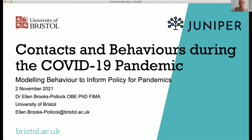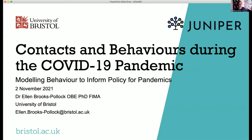This was the title that I was given. Thanks very much for inviting me to take part in this series of workshops, which look really interesting. I was asked to talk about contacts and behaviours during the COVID-19 pandemic. I'm a mathematical modeller based at the University of Bristol, so my perspective is from a modeller's point of view.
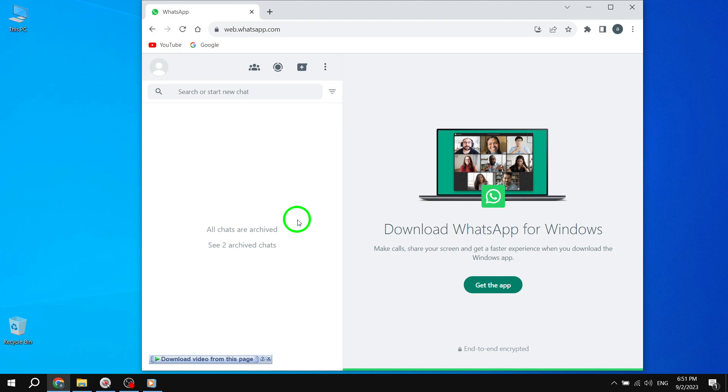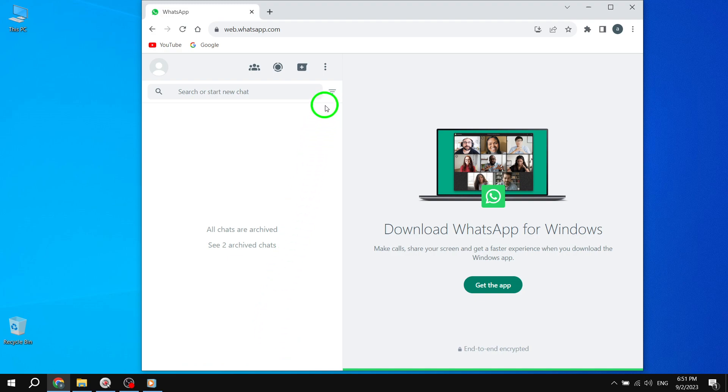To view your archived chats, scroll down to the bottom of your chat list. You will find an Archive Chats section. Simply click on it, and all your archived chats will be displayed.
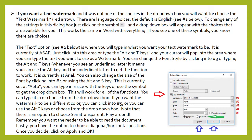It is currently at Arial. You can also change the size of the font by clicking into number four or using the ALT and S keys — this is currently set at AUTO. You can type in a size with the keys or use the symbol to get the drop-down box. If you want the watermark to be a different color, you can click on number five or use the ALT keys or choose from the drop-down box. Note that there is an option to choose semi-transparent. Remember you want the reader to be able to read the document. Lastly, you have the option to choose diagonal or horizontal positions. Once you decide, click on apply and then OK.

**PROBLEM DETAILS:** With the pictures removed, return the listing above in its exact original wording.

**TASK OUTPUT:**
This was the title that I was given. Thanks very much for inviting me to take part in this series of workshops, which look really interesting. I was asked to talk about contacts and behaviours during the COVID-19 pandemic. I'm a mathematical modeller based at the University of Bristol, so my perspective is from a modeller's point of view.
To view your archived chats, scroll down to the bottom of your chat list. You will find an Archive Chats section. Simply click on it, and all your archived chats will be displayed.
It is currently at Arial. You can also change the size of the font by clicking into number four or using the ALT and S keys — this is currently set at AUTO. You can type in a size with the keys or use the symbol to get the drop-down box. If you want the watermark to be a different color, you can click on number five or use the ALT keys or choose from the drop-down box. Note that there is an option to choose semi-transparent. Remember you want the reader to be able to read the document. Lastly, you have the option to choose diagonal or horizontal positions. Once you decide, click on apply and then OK.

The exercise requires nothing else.